Nicholas 'Nick ' Hemming ( born 17 April 1996 ) is an Irish sportsperson . He played hurling with the Dublin senior team lasted six seasons from 1891 until 1896 .


In [24]:
print(generate_text(lm, 4))

Early life Torv was born in Melbourne , Australia . The couple became engaged in the lace business . After her father 's death in 1888 , the congregation urged Babcock to be their minister . She was ordained by the First Baptist Church , Paris , TX * People 's Church , Dixon , IL * Universalist Liberal Church , Cedar Rapids , Iowa . When he was eight years old the family moved to Glen Waverley in Melbourne , Victoria . Murray has lived in Canada since 1986 .


# Reflection

We've trained a langauge model and generated some text&mdash;some of which was even a bit coherent. While the primary use of language models in NLP is supporting other kinds of technologies (through estimating probabilty sequences) their generation capabilities still remain useful. 

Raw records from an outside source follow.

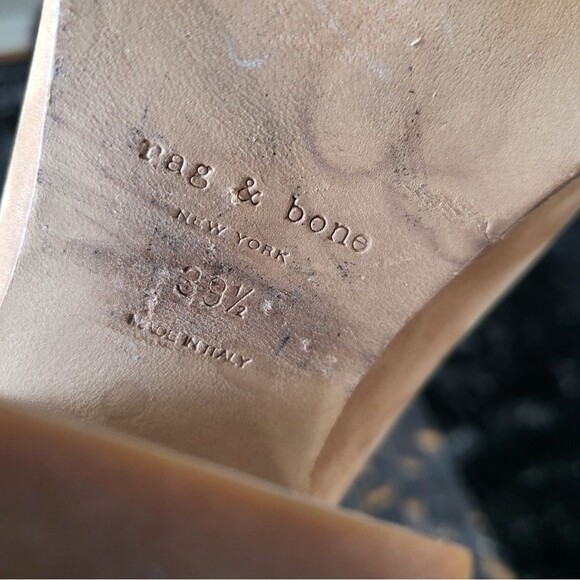 Rag and Bone Tan Leather Kinsey Booties Size 39.5 Made in Italy - Picture 10 of 15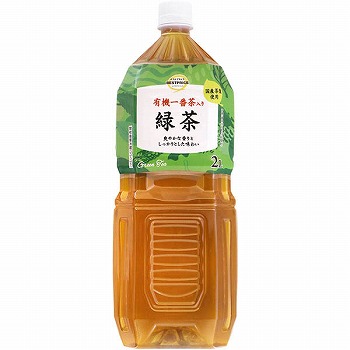 トップバリュベストプライス 有機一番茶入り 緑茶 2000ml 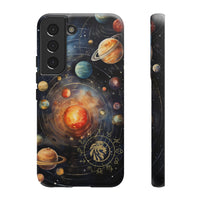 Mystical Galaxy & Leo Zodiac Cell Phone Tough Case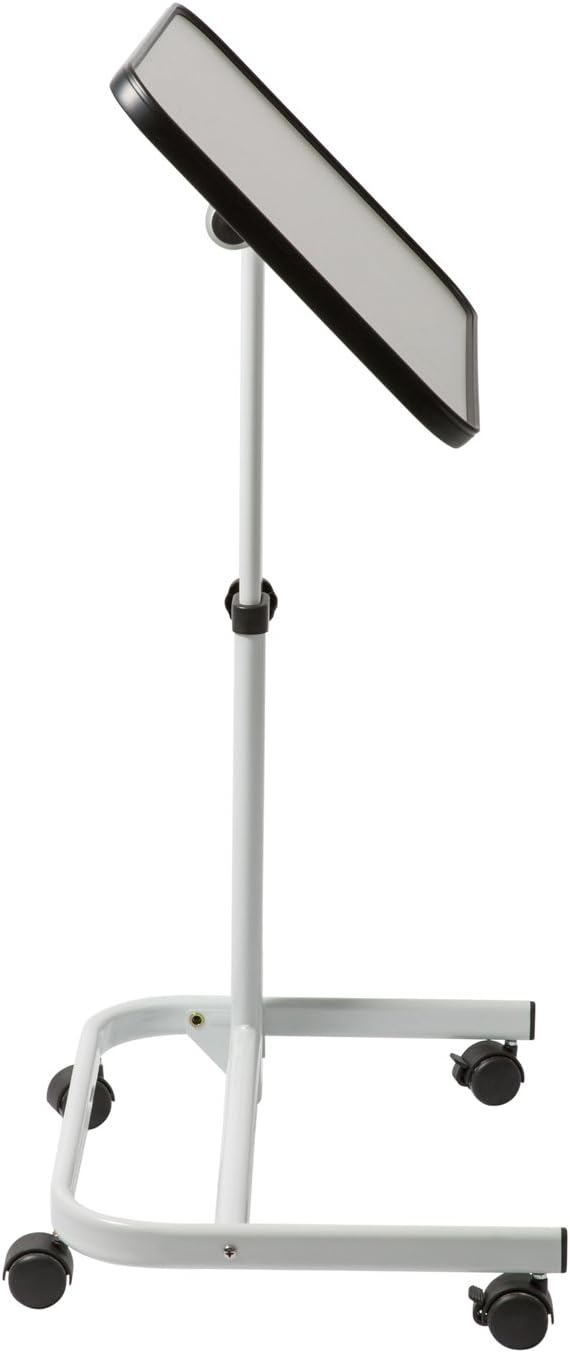 FabaCare Beistelltisch Luxus, stufenlos höhenverstellbarer Pflegetisch, Betttisch auf Rollen, Tisch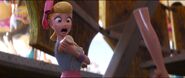 Bo Peep screaming after Woody rips her arm.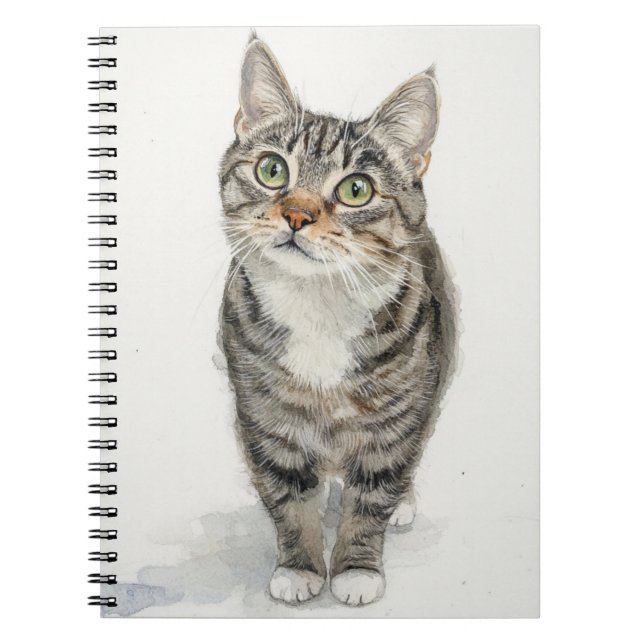 Carnet Tabby Muse Spiral Notebook (Devant)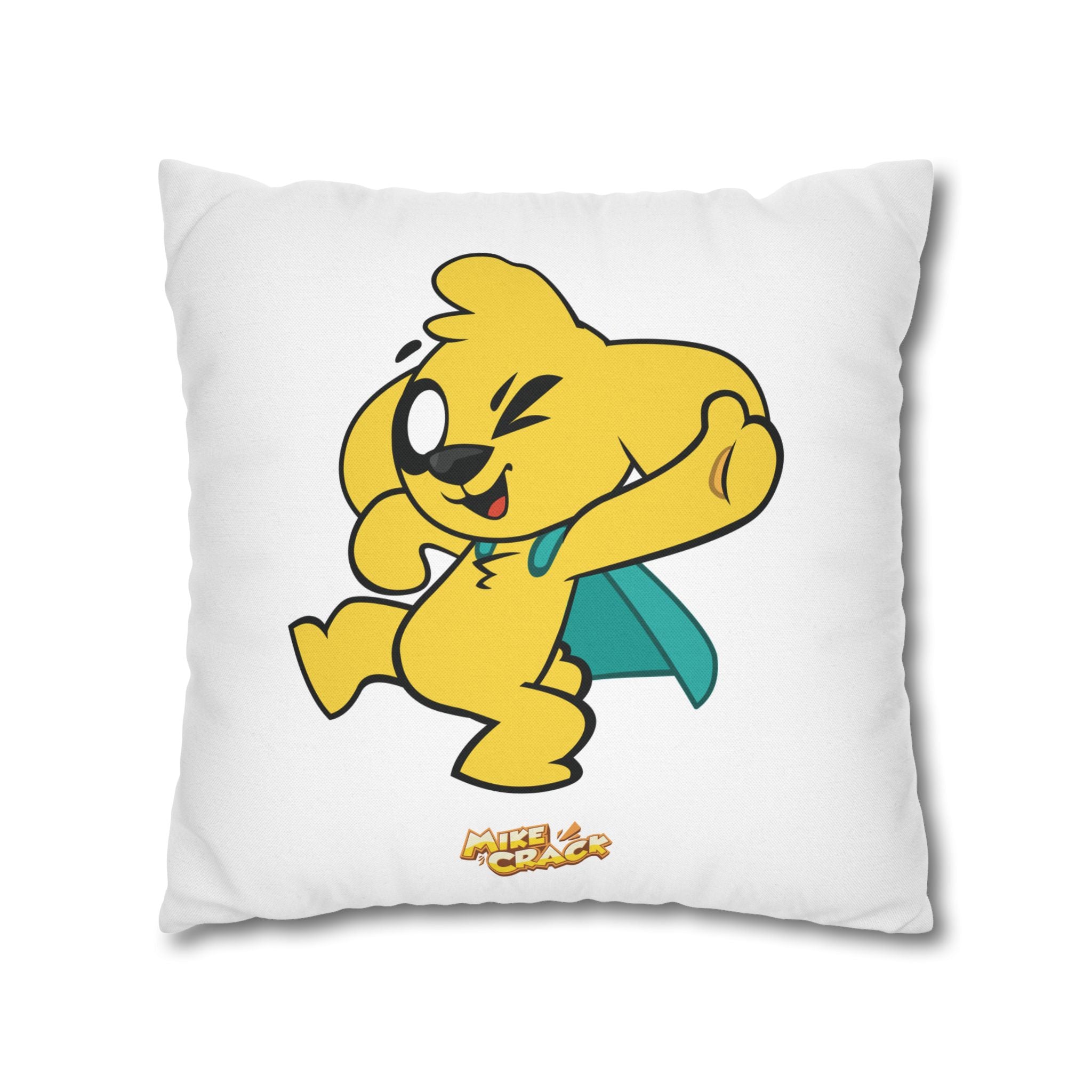 Mikecrack Spun Polyester Square Pillowcase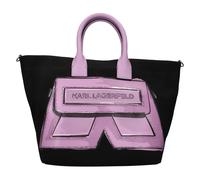 Karl Lagerfeld - Ikon K Large Canvas Shopper - Femme - Sacs - Noir - Taille: ONE Size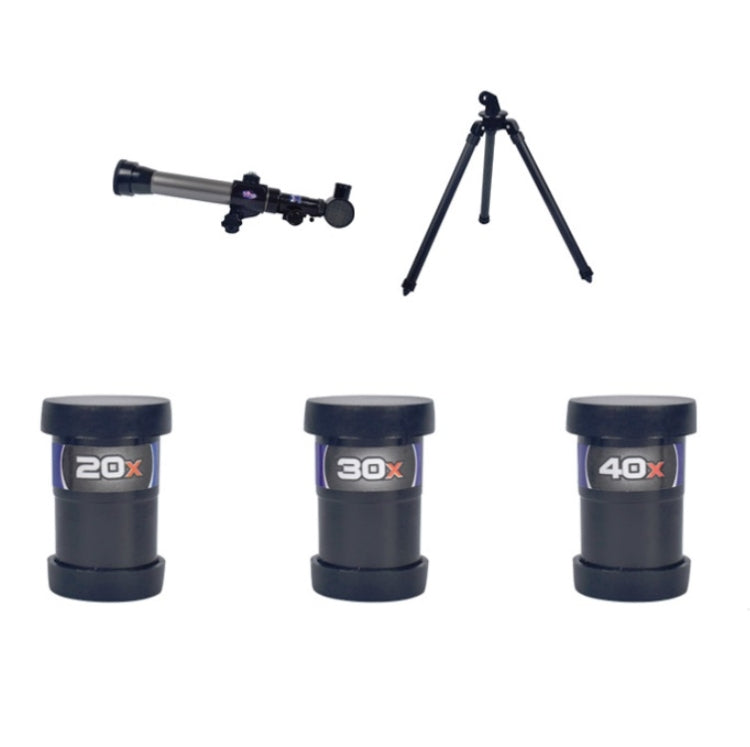 Giocattoli per l'educazione scientifica ad alta definizione ad alta potenza e piccolo telescopio astronomico a tubo singolo per bambini, Telescope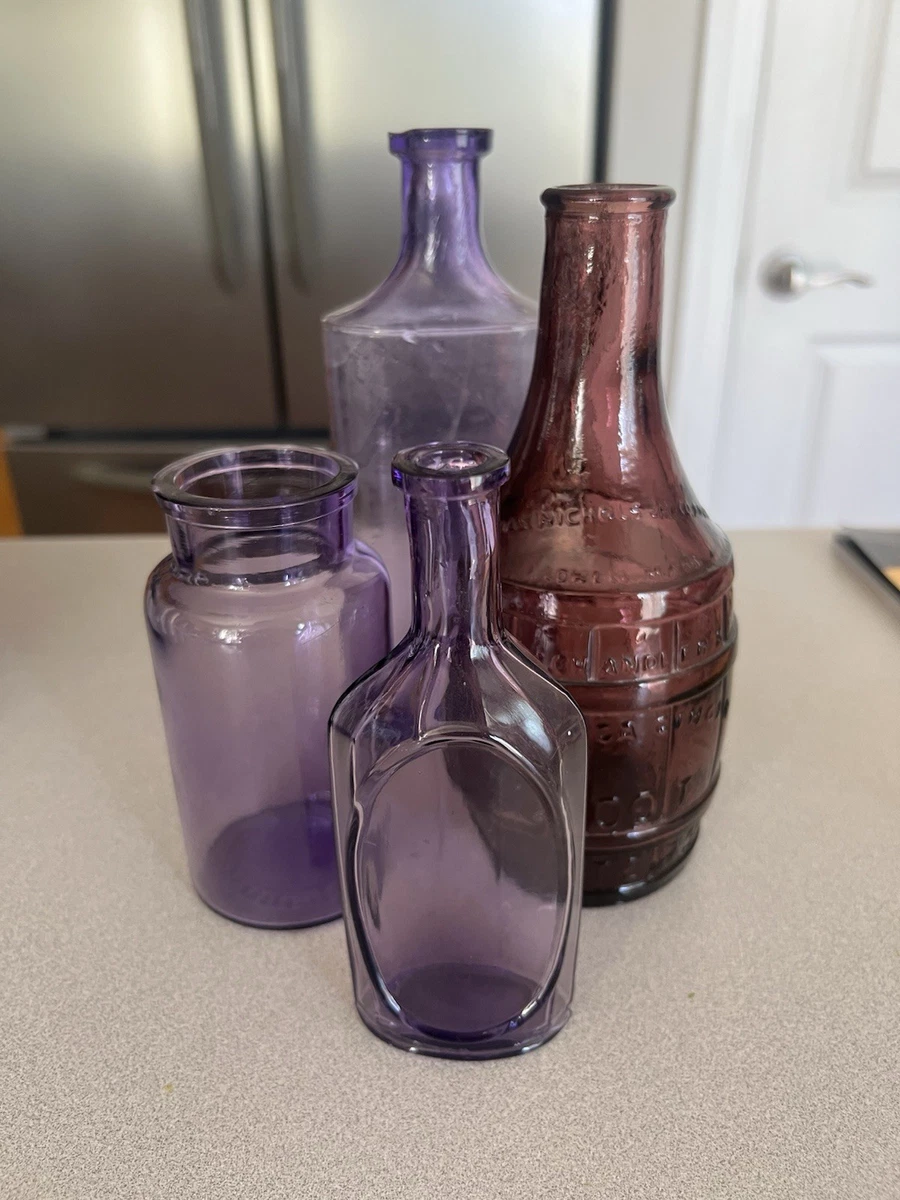 Glass Purple Collectible Decorative Bottles for sale | eBay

Do you think these models could replace biographers or other creative writers? In fact, some have tried and there was even a movie generated from a language model trained on movie scripts, [Sunspring](https://en.wikipedia.org/wiki/Sunspring), which you can [watch](https://www.youtube.com/watch?v=LY7x2Ihqjmc) on YouTube. You'll like see this movie being talked about as "Written by AI" but you now know what kind of technology supports this. Finally, if you watch the movie, you'll likely see the awkward text you would expect from a movie made by a language model&mdash;yet, the actors add a surprising amount of depth and sophistication, underscoring the benefits of having human creativity and interpretation to art. 

# Optional exercises
Language models are powerful technologies that back many of the NLP tools we use. The very simple maximum likelihood model here has hopefully given you some intuition about how these work but there are many more new ideas you can try out on your own. Here's a few directions you can start from to explore and deepen your understanding:

* Try running on other kinds of text. What if you trained your model on wikipedia pages, news headlines, or poetry? There's quite a few good open-access [text corpora](https://github.com/niderhoff/nlp-datasets) for NLP that you can try. Be aware that we've tried this code on small data and you'll likely run into scaling issues for larger data, especially with higher-order models.
* Add smoothing to the code. As a first easy step, try implementing the Laplace ("Add 1") smoothing to the counts.  Hw does this change what kinds of sequences you get? 
* Implement a MEMM as described in lecture. What features would you use?

As always, if you explore and find something, let us know on Slack. Language models have a wonderful way of generating interesting and amusing content.